• [Task goal] Tally every line of the listing where the string "Vintage" is found, and state the total alone.
____ The data
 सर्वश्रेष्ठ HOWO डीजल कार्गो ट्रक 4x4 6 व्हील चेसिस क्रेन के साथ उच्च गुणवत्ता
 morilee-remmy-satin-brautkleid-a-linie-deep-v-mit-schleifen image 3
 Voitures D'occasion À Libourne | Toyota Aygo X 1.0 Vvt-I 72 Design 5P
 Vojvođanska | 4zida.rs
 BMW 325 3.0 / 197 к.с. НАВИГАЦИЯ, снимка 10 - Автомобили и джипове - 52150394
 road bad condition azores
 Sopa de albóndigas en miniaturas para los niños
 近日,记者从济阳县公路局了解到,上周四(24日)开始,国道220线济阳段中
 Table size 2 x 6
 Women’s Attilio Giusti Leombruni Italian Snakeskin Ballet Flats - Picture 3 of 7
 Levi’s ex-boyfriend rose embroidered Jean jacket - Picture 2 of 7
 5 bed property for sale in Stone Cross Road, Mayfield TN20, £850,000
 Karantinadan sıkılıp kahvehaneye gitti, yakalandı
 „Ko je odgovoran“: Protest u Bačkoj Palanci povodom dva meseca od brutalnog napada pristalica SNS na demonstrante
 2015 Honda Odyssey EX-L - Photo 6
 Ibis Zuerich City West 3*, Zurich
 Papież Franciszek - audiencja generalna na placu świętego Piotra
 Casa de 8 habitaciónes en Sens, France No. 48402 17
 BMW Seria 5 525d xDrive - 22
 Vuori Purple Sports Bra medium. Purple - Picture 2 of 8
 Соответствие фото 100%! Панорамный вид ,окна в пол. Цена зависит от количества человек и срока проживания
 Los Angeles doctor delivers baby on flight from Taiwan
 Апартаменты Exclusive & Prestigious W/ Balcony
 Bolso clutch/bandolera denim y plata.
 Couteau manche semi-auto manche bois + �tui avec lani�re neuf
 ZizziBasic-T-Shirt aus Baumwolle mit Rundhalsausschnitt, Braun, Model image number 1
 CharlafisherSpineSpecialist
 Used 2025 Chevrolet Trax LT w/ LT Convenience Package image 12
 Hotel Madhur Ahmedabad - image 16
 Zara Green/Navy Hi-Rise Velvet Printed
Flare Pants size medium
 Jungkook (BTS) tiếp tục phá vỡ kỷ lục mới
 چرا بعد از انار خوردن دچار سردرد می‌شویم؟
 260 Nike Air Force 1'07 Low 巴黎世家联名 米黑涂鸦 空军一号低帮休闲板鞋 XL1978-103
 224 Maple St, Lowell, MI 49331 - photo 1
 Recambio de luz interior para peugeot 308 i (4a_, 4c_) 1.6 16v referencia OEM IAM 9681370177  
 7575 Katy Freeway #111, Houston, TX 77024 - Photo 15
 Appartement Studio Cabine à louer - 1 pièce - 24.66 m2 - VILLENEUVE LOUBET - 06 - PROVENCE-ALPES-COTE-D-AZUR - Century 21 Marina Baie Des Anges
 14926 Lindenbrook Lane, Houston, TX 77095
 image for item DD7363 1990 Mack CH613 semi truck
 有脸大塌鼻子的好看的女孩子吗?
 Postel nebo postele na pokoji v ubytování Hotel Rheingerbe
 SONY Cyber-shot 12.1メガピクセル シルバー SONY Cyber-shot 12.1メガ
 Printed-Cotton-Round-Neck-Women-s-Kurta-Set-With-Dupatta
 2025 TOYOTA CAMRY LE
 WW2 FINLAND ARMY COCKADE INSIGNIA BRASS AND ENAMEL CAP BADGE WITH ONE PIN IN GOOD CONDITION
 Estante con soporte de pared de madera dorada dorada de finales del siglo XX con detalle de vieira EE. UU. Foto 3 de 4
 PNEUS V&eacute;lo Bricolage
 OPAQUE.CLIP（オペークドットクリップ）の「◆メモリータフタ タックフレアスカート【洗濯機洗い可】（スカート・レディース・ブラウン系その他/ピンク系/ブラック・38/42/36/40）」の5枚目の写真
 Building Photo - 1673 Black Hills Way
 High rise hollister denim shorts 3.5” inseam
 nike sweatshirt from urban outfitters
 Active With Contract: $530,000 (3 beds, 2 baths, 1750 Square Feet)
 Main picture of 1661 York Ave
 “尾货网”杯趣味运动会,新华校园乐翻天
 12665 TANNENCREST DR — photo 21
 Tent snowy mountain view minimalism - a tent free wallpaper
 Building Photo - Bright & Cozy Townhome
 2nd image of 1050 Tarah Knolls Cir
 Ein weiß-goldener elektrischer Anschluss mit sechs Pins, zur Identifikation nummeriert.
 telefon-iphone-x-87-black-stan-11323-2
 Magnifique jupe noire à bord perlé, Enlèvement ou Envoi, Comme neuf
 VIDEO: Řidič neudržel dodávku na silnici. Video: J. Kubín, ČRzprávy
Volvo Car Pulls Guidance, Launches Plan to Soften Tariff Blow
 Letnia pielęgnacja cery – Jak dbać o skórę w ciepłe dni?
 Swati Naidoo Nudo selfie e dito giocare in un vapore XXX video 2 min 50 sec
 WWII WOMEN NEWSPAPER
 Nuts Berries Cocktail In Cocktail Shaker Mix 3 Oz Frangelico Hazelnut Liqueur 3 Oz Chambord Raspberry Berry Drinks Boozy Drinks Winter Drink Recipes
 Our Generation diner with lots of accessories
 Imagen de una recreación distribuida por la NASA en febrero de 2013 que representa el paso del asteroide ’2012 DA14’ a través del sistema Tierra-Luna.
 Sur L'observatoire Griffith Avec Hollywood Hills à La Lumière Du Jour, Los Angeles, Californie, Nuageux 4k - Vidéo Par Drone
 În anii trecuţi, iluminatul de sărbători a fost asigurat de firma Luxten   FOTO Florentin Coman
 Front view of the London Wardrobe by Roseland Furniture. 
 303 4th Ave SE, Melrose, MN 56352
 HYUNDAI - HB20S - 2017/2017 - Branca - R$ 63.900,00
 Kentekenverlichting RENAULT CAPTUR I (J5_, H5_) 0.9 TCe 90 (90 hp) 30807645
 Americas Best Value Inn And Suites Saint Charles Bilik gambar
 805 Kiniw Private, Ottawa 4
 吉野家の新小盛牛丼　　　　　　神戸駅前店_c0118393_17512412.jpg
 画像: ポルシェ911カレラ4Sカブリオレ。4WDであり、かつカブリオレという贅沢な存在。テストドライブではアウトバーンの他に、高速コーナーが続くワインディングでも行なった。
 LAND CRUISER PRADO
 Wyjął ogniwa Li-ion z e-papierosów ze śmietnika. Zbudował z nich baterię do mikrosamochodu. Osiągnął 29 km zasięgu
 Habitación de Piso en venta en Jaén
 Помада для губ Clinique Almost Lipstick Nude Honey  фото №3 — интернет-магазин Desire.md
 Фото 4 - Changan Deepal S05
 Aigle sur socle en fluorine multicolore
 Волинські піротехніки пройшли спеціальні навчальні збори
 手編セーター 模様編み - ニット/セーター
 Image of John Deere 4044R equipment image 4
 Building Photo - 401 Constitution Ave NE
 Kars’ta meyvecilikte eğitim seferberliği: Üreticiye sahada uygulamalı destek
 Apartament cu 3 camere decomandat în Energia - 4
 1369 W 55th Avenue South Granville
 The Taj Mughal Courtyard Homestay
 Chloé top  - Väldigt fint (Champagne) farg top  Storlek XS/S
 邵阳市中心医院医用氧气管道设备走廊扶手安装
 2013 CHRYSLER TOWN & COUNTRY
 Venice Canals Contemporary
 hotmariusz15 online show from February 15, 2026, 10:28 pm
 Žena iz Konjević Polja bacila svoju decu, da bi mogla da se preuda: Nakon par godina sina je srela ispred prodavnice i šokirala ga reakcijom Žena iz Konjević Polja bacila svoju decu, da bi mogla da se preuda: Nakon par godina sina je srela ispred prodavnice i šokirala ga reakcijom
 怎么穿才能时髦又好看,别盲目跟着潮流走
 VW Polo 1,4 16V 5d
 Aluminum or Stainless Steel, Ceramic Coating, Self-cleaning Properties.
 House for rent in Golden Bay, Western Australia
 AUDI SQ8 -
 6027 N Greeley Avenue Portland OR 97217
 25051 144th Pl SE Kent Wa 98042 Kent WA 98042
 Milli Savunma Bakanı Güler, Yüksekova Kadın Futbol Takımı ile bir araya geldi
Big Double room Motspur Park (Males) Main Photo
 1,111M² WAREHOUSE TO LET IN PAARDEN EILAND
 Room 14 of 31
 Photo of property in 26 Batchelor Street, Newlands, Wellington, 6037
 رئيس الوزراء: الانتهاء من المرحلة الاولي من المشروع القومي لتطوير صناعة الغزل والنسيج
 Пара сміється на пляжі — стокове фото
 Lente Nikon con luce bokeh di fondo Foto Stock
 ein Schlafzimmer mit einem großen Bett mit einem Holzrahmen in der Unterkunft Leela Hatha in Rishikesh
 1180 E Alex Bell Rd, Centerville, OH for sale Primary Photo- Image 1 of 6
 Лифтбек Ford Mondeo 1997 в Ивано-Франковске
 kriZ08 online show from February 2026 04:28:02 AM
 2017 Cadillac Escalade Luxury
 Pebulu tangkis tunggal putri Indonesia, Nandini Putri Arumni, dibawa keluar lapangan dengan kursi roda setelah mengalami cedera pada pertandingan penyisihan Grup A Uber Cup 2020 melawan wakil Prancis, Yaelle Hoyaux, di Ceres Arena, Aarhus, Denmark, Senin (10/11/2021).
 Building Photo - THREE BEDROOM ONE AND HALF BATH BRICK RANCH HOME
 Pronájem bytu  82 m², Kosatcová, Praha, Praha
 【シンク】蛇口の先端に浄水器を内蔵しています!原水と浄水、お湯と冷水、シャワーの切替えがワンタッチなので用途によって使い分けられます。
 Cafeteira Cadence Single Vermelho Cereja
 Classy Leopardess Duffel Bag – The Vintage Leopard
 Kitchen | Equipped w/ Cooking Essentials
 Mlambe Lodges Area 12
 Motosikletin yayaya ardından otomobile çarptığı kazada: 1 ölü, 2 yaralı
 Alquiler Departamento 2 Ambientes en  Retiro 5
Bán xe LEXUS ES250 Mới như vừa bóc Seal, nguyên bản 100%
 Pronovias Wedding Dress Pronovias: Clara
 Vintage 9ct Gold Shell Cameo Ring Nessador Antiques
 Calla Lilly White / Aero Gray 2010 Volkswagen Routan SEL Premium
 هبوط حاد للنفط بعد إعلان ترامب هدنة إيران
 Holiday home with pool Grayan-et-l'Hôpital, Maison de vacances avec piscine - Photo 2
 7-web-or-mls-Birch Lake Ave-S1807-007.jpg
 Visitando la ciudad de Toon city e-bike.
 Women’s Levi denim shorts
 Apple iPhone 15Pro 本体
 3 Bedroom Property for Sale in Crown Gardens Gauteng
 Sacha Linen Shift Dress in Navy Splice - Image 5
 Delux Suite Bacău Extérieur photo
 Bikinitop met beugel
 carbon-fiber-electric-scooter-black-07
________
• [Solved exercise] 2